**DATA FOR PROCESSING**
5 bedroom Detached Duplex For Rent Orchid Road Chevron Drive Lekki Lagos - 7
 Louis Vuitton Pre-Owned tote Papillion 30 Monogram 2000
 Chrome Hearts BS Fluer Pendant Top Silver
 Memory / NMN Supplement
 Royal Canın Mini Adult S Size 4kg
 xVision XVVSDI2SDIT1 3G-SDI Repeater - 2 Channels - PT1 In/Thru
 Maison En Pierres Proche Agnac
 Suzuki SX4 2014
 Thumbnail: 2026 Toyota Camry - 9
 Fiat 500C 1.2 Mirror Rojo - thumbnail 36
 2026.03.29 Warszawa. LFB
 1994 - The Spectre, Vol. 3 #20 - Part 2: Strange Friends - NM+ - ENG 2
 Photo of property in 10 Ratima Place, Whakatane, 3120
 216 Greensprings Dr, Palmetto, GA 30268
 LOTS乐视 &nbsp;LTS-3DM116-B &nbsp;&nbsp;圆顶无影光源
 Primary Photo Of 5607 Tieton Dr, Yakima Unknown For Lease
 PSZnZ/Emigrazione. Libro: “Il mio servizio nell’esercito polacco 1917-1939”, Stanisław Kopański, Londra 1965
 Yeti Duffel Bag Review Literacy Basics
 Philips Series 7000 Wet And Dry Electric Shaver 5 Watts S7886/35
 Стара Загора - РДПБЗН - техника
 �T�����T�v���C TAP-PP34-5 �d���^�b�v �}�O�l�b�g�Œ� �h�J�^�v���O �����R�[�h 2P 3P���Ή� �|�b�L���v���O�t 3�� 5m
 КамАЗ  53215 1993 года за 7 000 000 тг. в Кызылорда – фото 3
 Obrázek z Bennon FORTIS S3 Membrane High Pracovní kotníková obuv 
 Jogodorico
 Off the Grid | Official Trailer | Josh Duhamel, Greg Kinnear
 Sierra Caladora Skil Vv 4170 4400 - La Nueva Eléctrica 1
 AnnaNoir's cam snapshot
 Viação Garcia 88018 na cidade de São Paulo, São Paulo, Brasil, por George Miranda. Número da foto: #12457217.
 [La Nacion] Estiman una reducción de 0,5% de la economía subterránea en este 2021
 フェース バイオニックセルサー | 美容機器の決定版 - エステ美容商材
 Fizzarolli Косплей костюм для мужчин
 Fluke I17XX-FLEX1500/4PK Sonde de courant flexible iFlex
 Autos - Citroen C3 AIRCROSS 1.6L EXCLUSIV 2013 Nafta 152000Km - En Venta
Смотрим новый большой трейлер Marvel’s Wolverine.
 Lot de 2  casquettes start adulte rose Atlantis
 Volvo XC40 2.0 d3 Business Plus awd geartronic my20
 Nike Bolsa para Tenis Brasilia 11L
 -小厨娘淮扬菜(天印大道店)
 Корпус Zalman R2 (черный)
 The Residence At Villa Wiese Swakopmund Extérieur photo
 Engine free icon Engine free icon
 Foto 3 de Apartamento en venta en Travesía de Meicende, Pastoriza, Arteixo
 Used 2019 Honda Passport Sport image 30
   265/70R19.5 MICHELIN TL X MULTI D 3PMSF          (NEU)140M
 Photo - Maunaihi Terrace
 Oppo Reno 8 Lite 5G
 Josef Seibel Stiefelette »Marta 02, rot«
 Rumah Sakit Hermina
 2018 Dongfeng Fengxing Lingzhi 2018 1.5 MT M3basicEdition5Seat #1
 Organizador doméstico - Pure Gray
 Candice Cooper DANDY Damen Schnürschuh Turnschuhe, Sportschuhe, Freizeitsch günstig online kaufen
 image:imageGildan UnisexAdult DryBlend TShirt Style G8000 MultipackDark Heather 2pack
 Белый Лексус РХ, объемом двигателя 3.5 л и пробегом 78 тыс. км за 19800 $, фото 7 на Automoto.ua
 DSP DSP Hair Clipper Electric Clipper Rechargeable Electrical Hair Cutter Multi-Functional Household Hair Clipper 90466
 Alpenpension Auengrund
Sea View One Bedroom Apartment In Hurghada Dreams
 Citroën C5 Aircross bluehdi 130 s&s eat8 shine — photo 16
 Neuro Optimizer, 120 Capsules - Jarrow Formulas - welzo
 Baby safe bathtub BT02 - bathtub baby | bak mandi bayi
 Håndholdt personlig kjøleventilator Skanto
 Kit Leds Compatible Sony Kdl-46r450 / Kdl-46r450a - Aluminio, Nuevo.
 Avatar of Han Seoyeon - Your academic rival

**WHAT TO DO**
Considering only the data above, return the lines in which "Electric" occurs.

**ANSWER FOR THE TASK**
 Philips Series 7000 Wet And Dry Electric Shaver 5 Watts S7886/35
 DSP DSP Hair Clipper Electric Clipper Rechargeable Electrical Hair Cutter Multi-Functional Household Hair Clipper 90466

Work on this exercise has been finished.